Fractions

Fractions - A Definition

A Fraction is a number which can represent a part of a whole

each part represents \(\frac{1}{4}\), i.e. 1 of 4 pieces
A Fraction can also be represented as a division where the 'top' value is known as the Numerator and the 'bottom' value as the Denominator
Fraction = Rational Number = \(\frac{\mbox{Integer}}{\mbox{Integer}}\)
i.e. a rational number is defined a number which can be represented as an integer divided by an integer. As shown later on, whole numbers can be represented as fractions, e.g. 3 can be represented as 3/1 - so all whole numbers are also rational numbers.
As an example of an irrational number, there is the well-known constant p. This cannot be accurately represented as a fraction (the figure of 22/7 which is often quoted is only an approximation).

Return to Top

Fractions - Common Terminology

A proper fraction is one in which the numerator (top) is less than the denominator (bottom)

Result is always less than 1

\[ \mbox{e.g. }\frac{1}{4},\;\; \frac{1}{2},\;\; \frac{3}{4} \]

An improper fraction is one in which the numerator (top) is greater than the denominator (bottom)

Result is always greater than 1

\[ \mbox{e.g. } \;\;\frac{4}{3},\;\; \frac{7}{4},\;\; \frac{5}{2}\]

A mixed number is a number which explicitly consists of a whole number and a 'fractional' part (bottom)

e.g.\(\;\; 5\frac{1}{4},\; 9\frac{1}{2},\; 7\frac{3}{4} \)

A reciprocal fraction is the 'Inverse' of another.

\[\frac{3}{4} \;\;\mbox{is the reciprocal of} \;\; \frac{4}{3} \]

\[ \frac{4}{1}\;\; \mbox{is the reciprocal of}\;\; \frac{1}{4} \]

A decimal fraction is the decimal form of a fraction

\[\frac{1}{4} = 0.25 \] \[ \frac{3}{4} = 0.75\]
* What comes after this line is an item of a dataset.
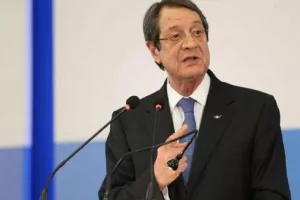Προεδρικό... χτύπημα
An equivalent fraction is one which represents the same number as another fraction but is expressed in different terms

\[ \frac{1}{2} = \frac{2}{4} = \frac{4}{8} = \frac{16}{32} \] \[ \frac{3}{7} = \frac{6}{14} = \frac{21}{49} \]

A fraction in its lowest terms is a fraction which has been 'reduced to its simplest form', leaving the fraction in its lowest possible terms. In other words, there is no whole number with which you can simultaneously divide both the numerator and denominator.

\[ \frac{3}{4}, \;\;\; \frac{3}{7} \;\;\; \frac{1}{3} \;\;\; \frac{21}{43} \]

Note that it is more usual to state answers to calculations in their lowest terms, e.g. 15/20 and 3/4 represent the same number, but it is more usual to quote the number as 3/4.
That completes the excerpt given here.